___ Records to use

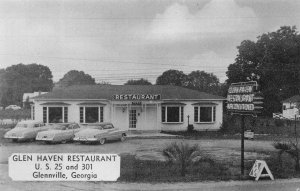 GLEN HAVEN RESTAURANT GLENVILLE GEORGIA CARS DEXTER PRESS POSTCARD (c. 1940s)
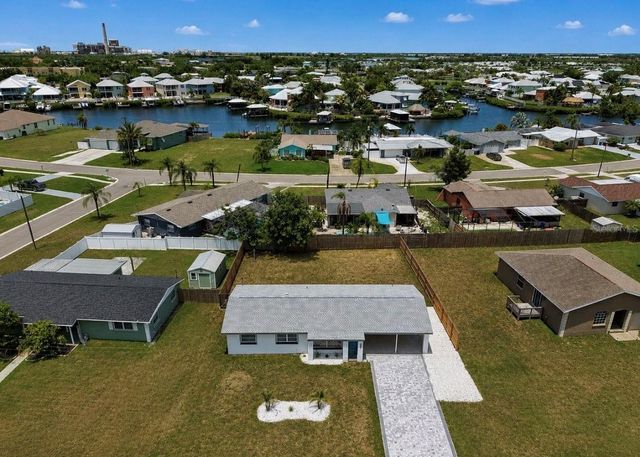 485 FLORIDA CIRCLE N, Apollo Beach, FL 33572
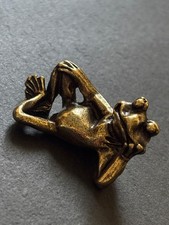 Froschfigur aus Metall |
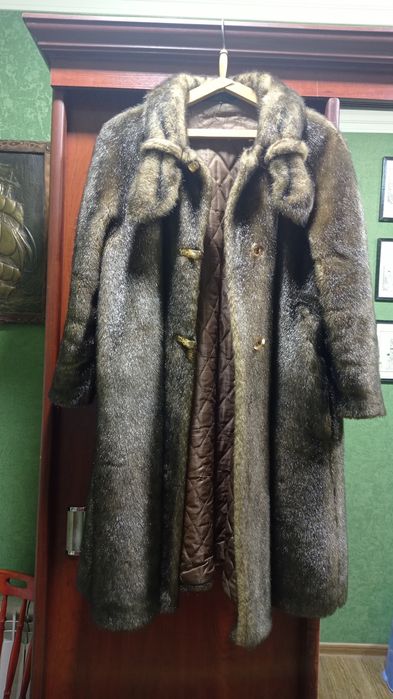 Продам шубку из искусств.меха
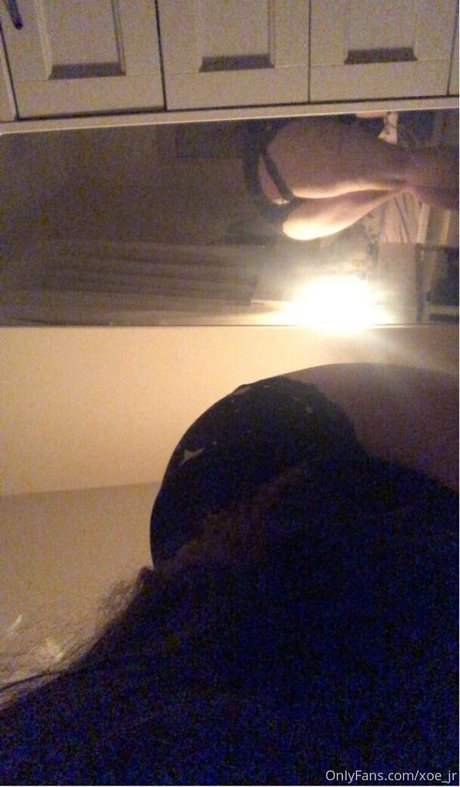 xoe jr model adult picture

______
___ Records to use

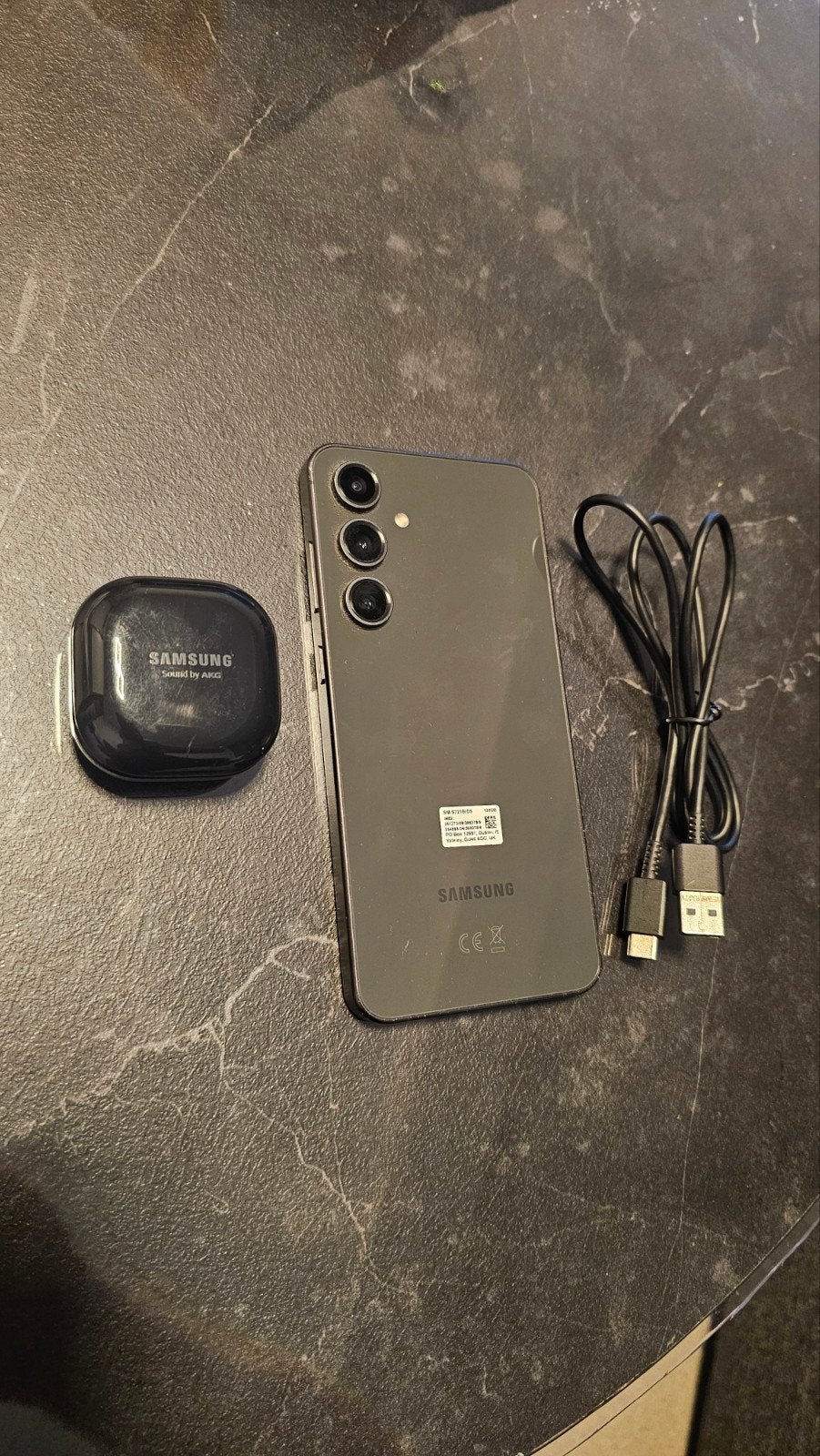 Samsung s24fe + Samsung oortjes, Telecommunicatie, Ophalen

______

> _Problem_
Please copy out from the data above, without any picture, exactly the lines running from the one that holds "485 FLORIDA CIRCLE N, Apollo Beach, FL 33572" through the one that holds "xoe jr model adult picture", and nothing beyond them.

> _Written response_
 485 FLORIDA CIRCLE N, Apollo Beach, FL 33572
 Froschfigur aus Metall |
 Продам шубку из искусств.меха
 xoe jr model adult picture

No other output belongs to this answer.